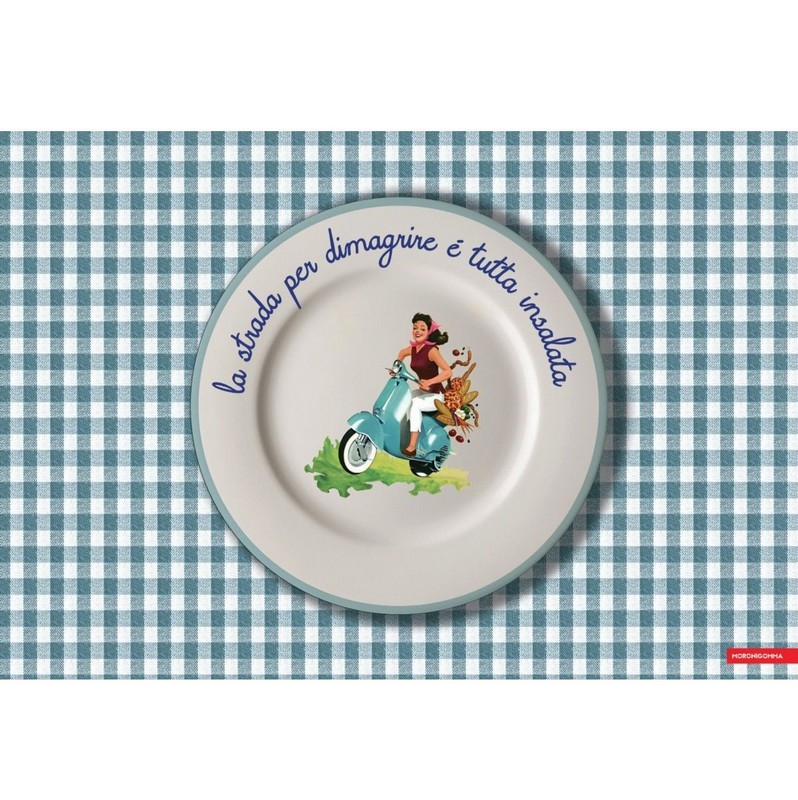 Tovaglietta americana in plastica flessibile decorata con donna in scooter e scritta “La strada per dimagrire è tutta insalata”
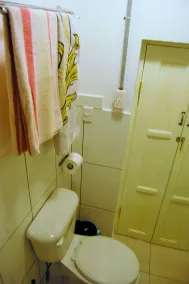 Island Life Hostel - Bathroom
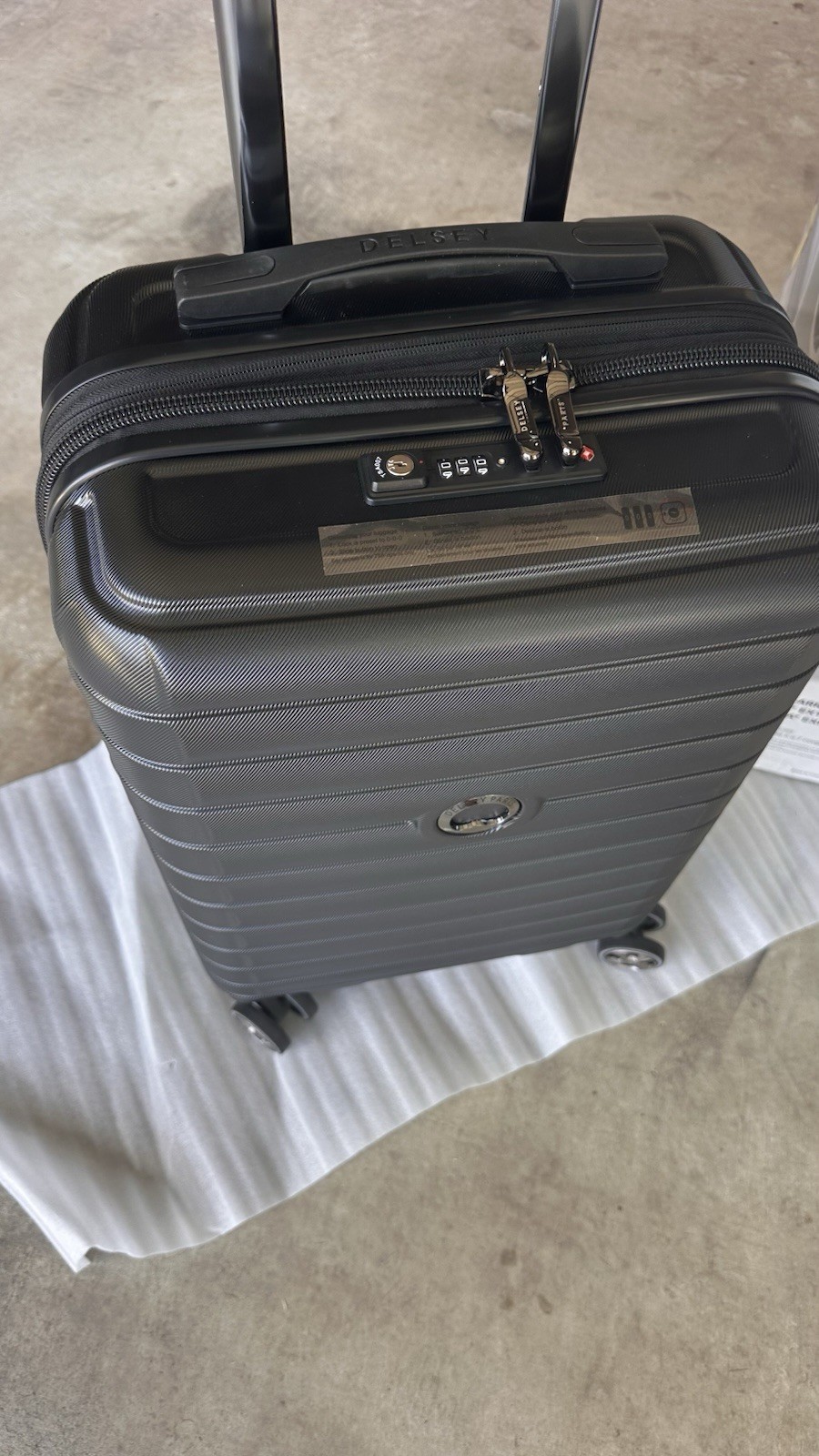 Delsey Paris Horizon Expandable 20" Spinner Carry on Luggage- Black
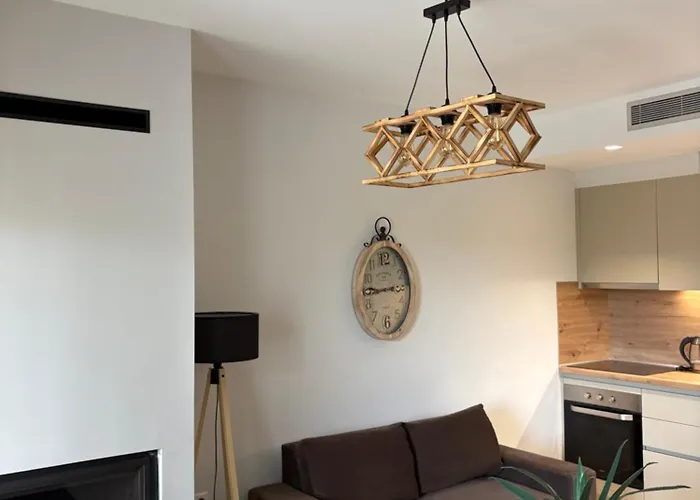 Apartment Owl House *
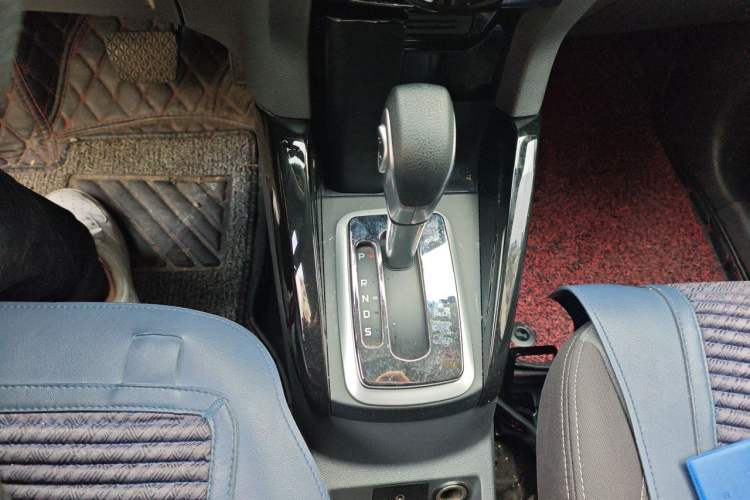 Used Ford EcoSport 2017 1.5L Automatic Trend Model Gear Lever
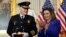 Lide Lachanm Depite Etazini, Nancy Pelosi, bat bravo pou Chef Lapolis Capitol la J. Thomas Manger pandan yon seremoni pou onore polisye ki te defann Capitol la, 6 Janvye 2021. 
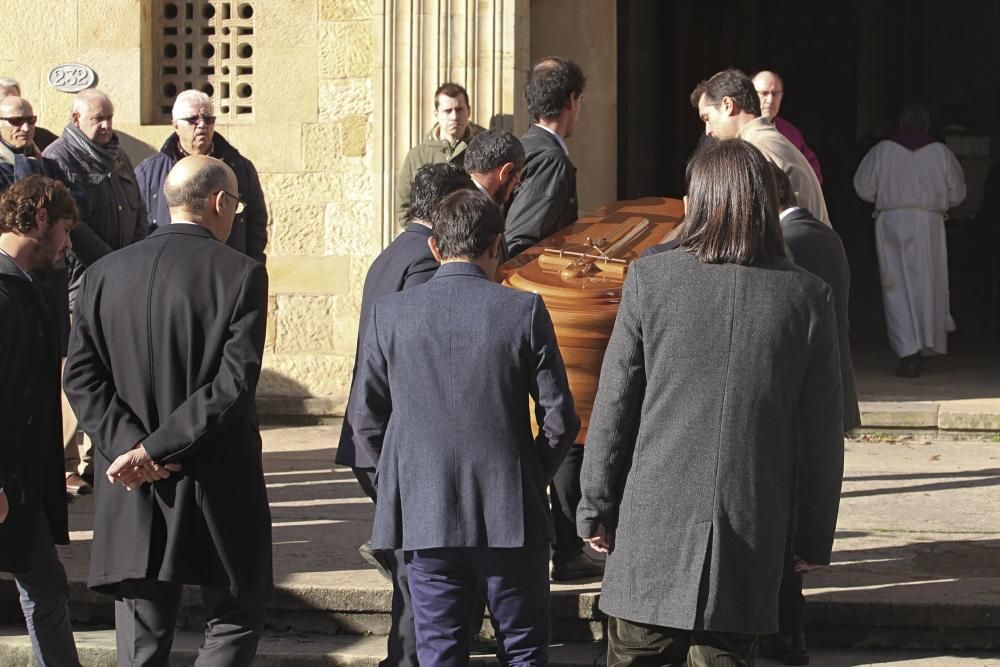 Funeral por Juan Fombona, el joven atropellado en Somió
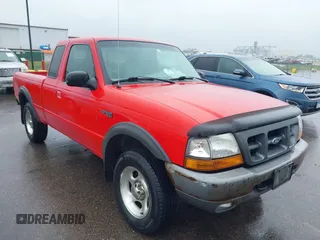1998 Ford Ranger XL z VIN 1FTZR15X3WPB64626, wystawiony jako IAAI lot #42318798 z przebiegiem 120 623 mil mil oraz . Historia ofert i sprzedaży dostępna na DreamBid. Obrazek 1.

▶ DIRECTIONS FOR THIS TASK:
The answer must consist of the line containing "Used Ford EcoSport" and every line after it through the end of the records, retyped exactly, with all pictures left out.

▶ WORKED SOLUTION:
 Used Ford EcoSport 2017 1.5L Automatic Trend Model Gear Lever
 Lide Lachanm Depite Etazini, Nancy Pelosi, bat bravo pou Chef Lapolis Capitol la J. Thomas Manger pandan yon seremoni pou onore polisye ki te defann Capitol la, 6 Janvye 2021. 
 Funeral por Juan Fombona, el joven atropellado en Somió
1998 Ford Ranger XL z VIN 1FTZR15X3WPB64626, wystawiony jako IAAI lot #42318798 z przebiegiem 120 623 mil mil oraz . Historia ofert i sprzedaży dostępna na DreamBid. Obrazek 1.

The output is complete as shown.